In 1994, Janabi was relieved from his position and sent to work for Saddam in Baghdad instead. Many Ba'athist officials criticized both Saddam and Janabi for their religiousness, and told Saddam that Janabi was a fifth-column element in the regime. However, Saddam dismissed these claims in his favor, and Janabi himself was reportedly loyal to Saddam.

===Post-2003===
The current governor is Ali Dawai Lazem, a supporter of Muqtada al-Sadr. As of 2013, he is the only provincial governor in Iraq belonging to the Sadrist Movement. Though he is a Shi'a, he is a non-sectarian and has said "It doesn't make a difference if you are Sunni or Shi'ite or Christian. I don't differentiate between anyone." He has been called Iraq's most popular politician.
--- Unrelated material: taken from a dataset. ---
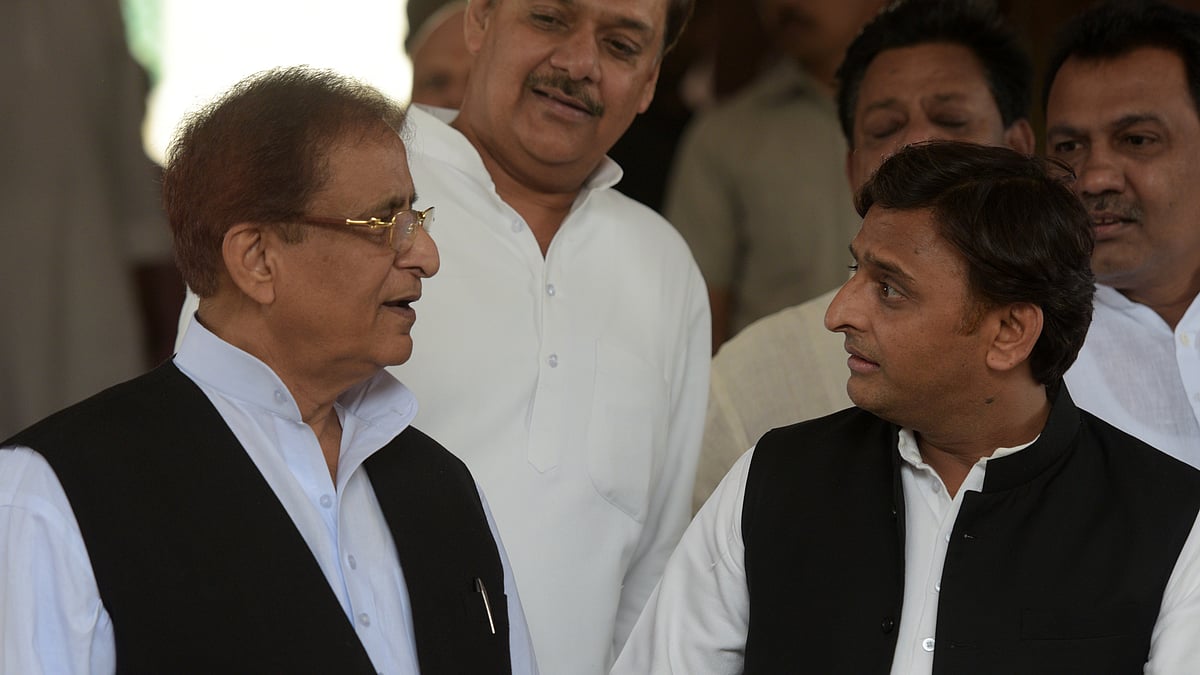 اکھلیش یادو اور اعظم خان / Getty Images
In 2013, The New York Times praised Dawai's governance, stating that "roads are being paved, new sewage systems installed and residents now enjoy electricity for up to 22 hours a day, far more than in Baghdad."

===List of governors===

| Picture | Governor |  | Assumed role | Party |
|---|---|---|---|---|
|  |  | Kamel Sajit Aziz al-Janabi | 1992-1994 | Iraqi Baath Party |
|  |  | Riyadh Mahood al-Muhammadawi | 2003 | Independent |
|  |  | Adil Mahwadar Radi | 2005 | Sadrist Movement |
|  |  | Mohammed Shia' Al Sudani | 2009 | State of Law Coalition |
|  |  | Ali Dawai Lazem | 2010^{[citation needed]} | Sadrist Movement |

==Demographics==
The vast majority of the population of Maysan is Shia Arabs. There exists a small minority of Shia Feyli Kurds that inhabit the northeastern part of the province, specifically Ali Al-Gharbi District, as well as a small population of Mandeaens and Christians. It is covered in the south by many Mesopotamian Marshes, and has traditionally been home to many Marsh Arabs.

In 2007, the unemployment rate was 17%.

==Districts==
- Amara (العمارة)
- Ali Al-Gharbi (علي الغربي)
- Al-Kahla (الكحلاء)
- Al-Maimouna (الميمونة)
- Al-Mejar Al-Kabi (المجر الكبير)
- Qal'at Saleh (قلعة صالح)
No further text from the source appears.